The view from where we stopped for a shandy. The rain was clearly on its way to us!

Spot the cat!

Thursday 26 September 2024

More Mountains Monday

The weather forecast was good for Monday (23.09.2024); not too warm and some cloudy skies, but dry. 

View from our room on Monday morning
After breakfast, we walked from the hotel to Naturns‘ small train station only to discover that we‘d have to wait about half an hour for the next train to Rabland, from where we intended to start today‘s hike.

We knew that the next village from Naturns, Plaus, is only a few km away and all on an even path along the river, and so we set off on foot, planning to catch up with the train there (which we did).

I enjoyed the walk along the river. It was quiet apart from a few cyclists every now and then, and the rush of the rather fast-flowing water next to us a constant backdrop.

The train from Plaus to Rabland took maybe 10 minutes. Right next to the train stop is the bottom station of another funicular (there are many dotted around here, used in the summer for folks like us, and in winter to access the skiing slopes), and we rode one of the gently swinging cabins up to the tiny mountain village of Aschbach.



From there, an almost entirely uphill and sometimes very rocky path took us to a place called Naturnser Alm. In this part of the world, an alm can best be described as a summer farm, where farmers who live down in the valley either send someone up to look after cattle, sheep and goats during the summer, usually running a small dairy at the same time, or live there temporarily themselves. Nowadays, alms are often inhabited by paid staff who also run a hospitality business for hikers and walkers.






We enjoyed (you guessed it) a shandy each before we walked on, determined to follow a marked path as suggested in our tour booklet - only that the particular number of the path we were looking for was nowhere to be seen on the many signposts.

It didn‘t matter all that much, since we knew where the circuit was going to go eventually, and so we simply chose the next destination. We missed out on the chance to cross the 2,000 m threshold, though, which was a tiny disappointment. The area we walked through now was very beautiful - my pictures really don‘t do it justice.

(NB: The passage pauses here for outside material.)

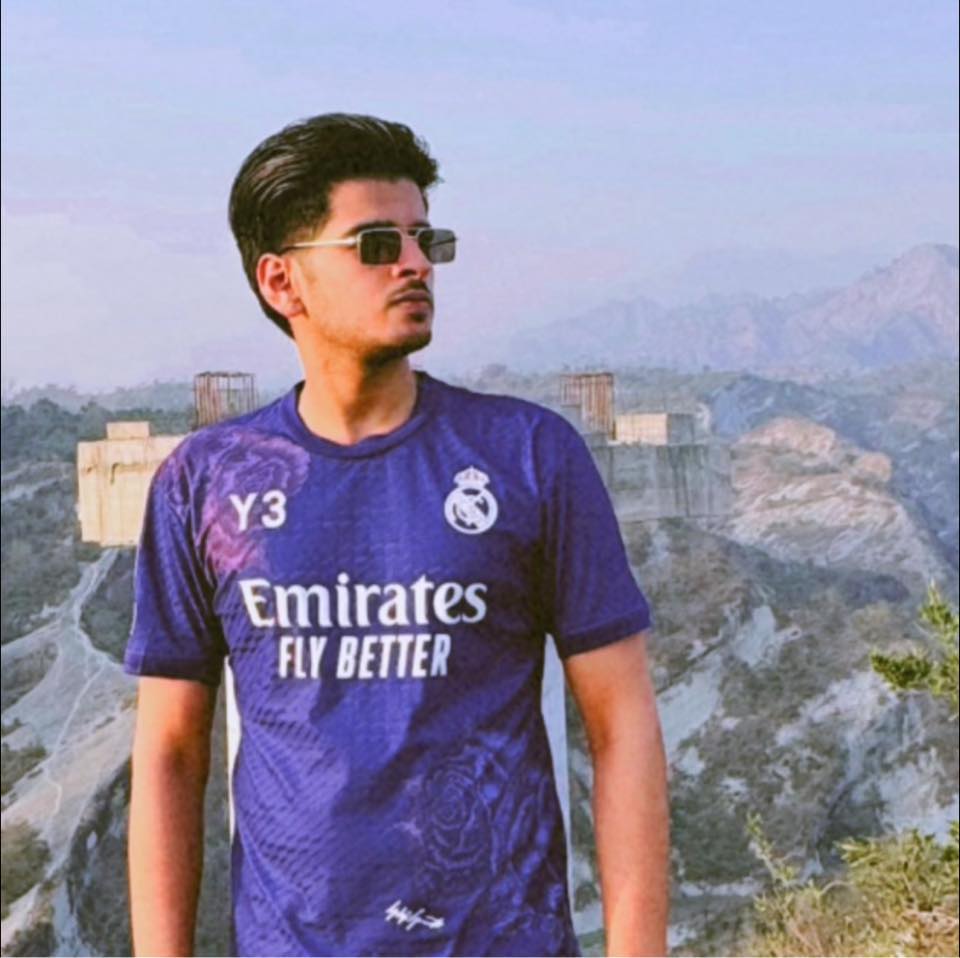Devashish Sharma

Vigiljoch was next, a place where several ancient mountain paths cross, and where the small church of St Vigil sits atop the highest hill. The church was closed to the public by an iron gate, allowing us at least to see inside.


Back to Aschbach from there, and down to the bottom of the valley with the funicular, and the train all the way to Naturns. The walk back to the hotel was the last leg of that day‘s walk, making it a total of about 21 km.

Coffee and cakes were really welcome at that stage, and then a shower and a rest before it was time for yet another delicious dinner.